Rebecca Walker



By Jake Kohlman, © The SandsPur, 04/08/2005


Media Credit: Jessica Combs
AWARD WINNING AUTHOR: Rebecca Walker wrote best-seller Black, White and Jewish: Autobiography of a Shifting Self.

On Wednesday March 30, noted author and activist Rebecca Walker visited the Rollins campus for a talk and discussion with students in the Bush Auditorium.

Ms. Walker is the author of the award-winning bestseller Black, White and Jewish: Autobiography of a Shifting Self, as well as other works, and the cofounder of the Third Way Foundation, which on Ms. Walker's website calls itself "the only national, activist, philanthropic organization serving women aged 15-30". Ms. Walker's talk focused on the 'divisiveness' she sees in our society and her desire for people to be more open.

While Ms. Walker's talk itself was relatively brief, she only spoke for about 30 minutes; she covered a wide swath of territory with her words. She began by criticizing the "zealots influencing the very core of our government" and continued to say that conservatives control both houses of Congress, the White House, the FCC, radio, print news and TV.

While she did at times sprinkle in critiques of the political left, much of her talk seemed to be inspired by a dislike for the direction of the country and those who Ms. Walker holds responsible for that direction. Ms. Walker warned that "Here is what we are dealing with: chaotic circumstances that we find ourselves in today disguised as forward motion are tinged with the potential for total annihilation"

An overriding theme to Ms.
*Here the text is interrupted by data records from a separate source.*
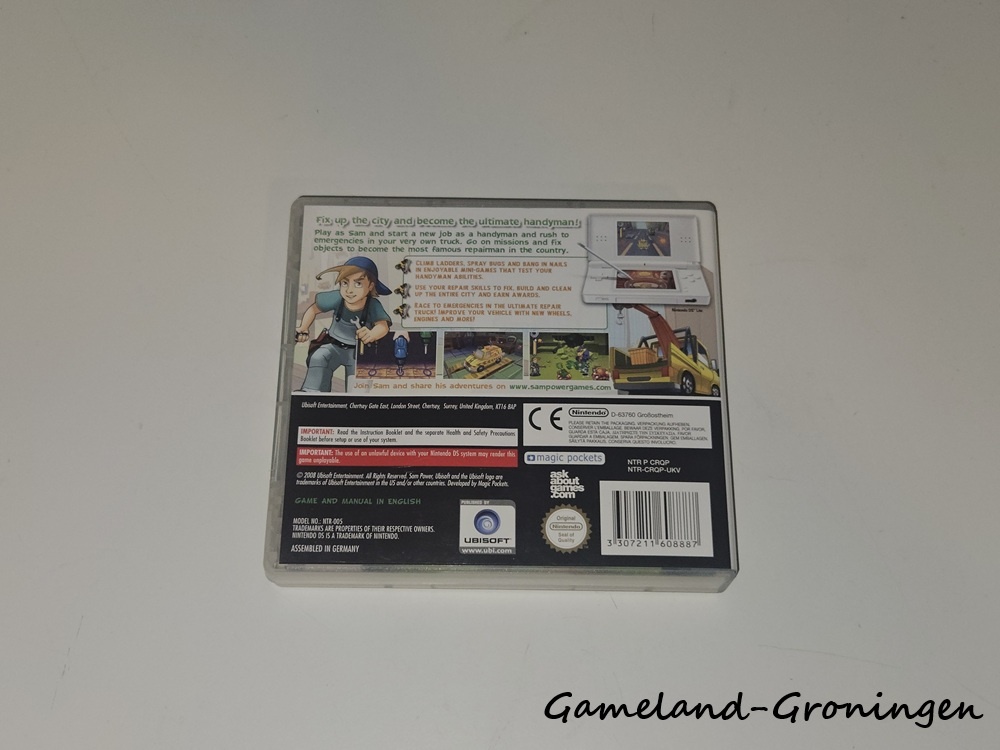 Sam Power Handyman (Complete, UKV)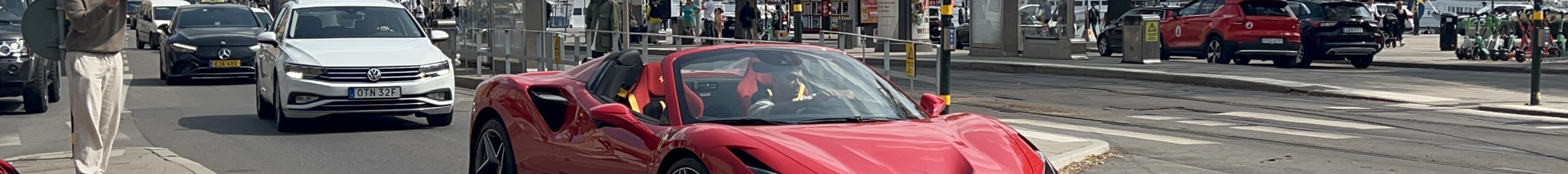 Ferrari F8 Spider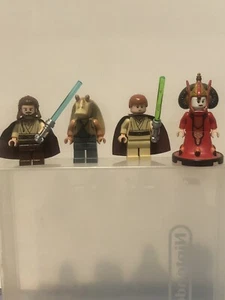 SELTENE LEGO STAR WARS MINIFIGUREN AUS SET #9499 GUNGAN SUB QUEEN AMIDALA - Bild 1 von 9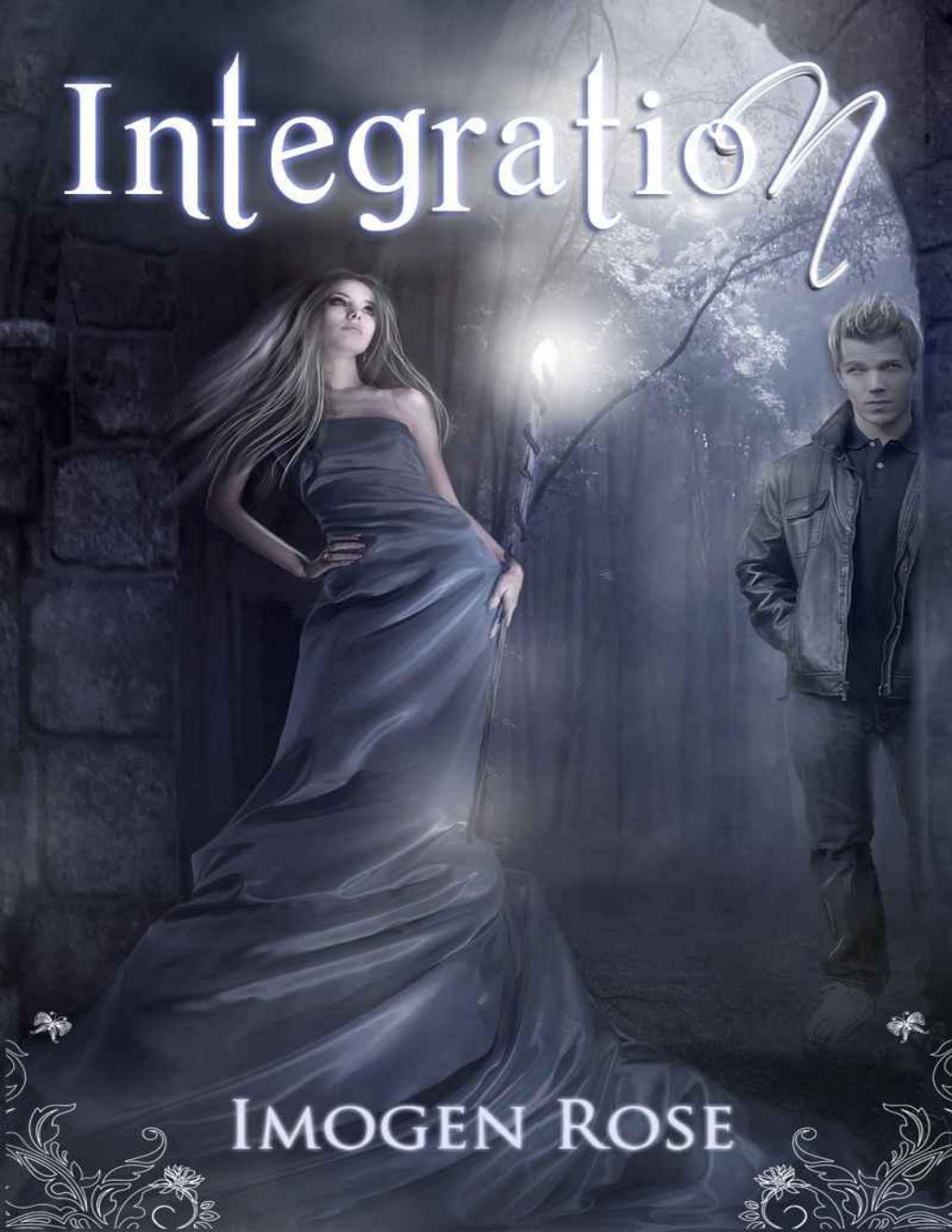 Cover of INTEGRATION (Bonfire Academy Book Two) (Bonfire Chronicles)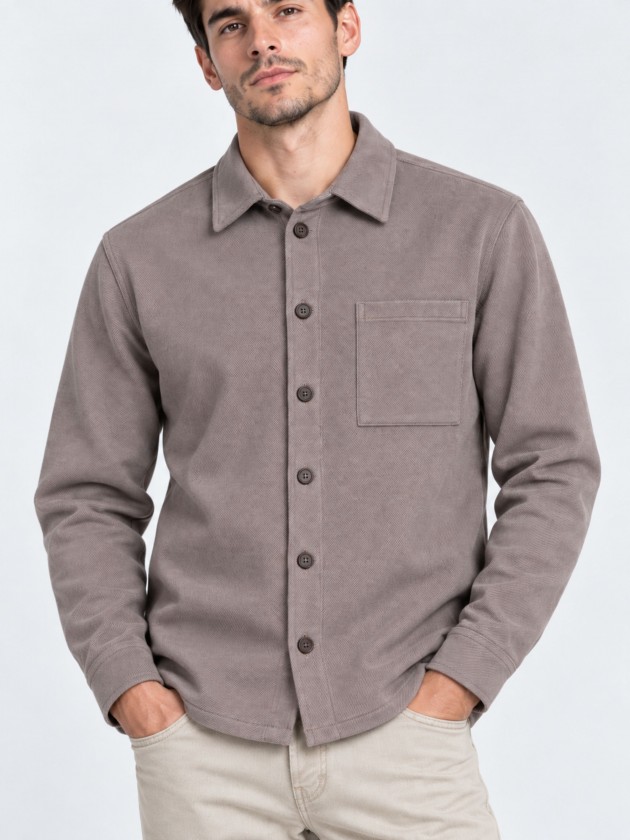 Chemise avec poche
Walker's talk and the subsequent discussion with audience members was Ms. Walker's desire to change the dialogue in this country. She spoke of a time in the past where "Public intellectuals required to listen and not just speak", along with her constant theme of divisiveness that she mentioned throughout the evening. Ms. Walker talked of what happens today will influence what happens tomorrow and she hopes that a new feeling of openness will overtake the current divisive status of our culture. She even when so far as to correct a questioner during the Q&A, pointing out that the very question being asked was a result of divisive thinking.

Ms. Walker provided some insight into what she means when she says she wants more openness; she talked of fulfilling the promise of life, liberty and happiness. She wondered "Why have we failed? Why have we been unable to manifest what we say we want for generation after generation?" and concluded that by striving for openness over divisiveness today we can change things for tomorrow.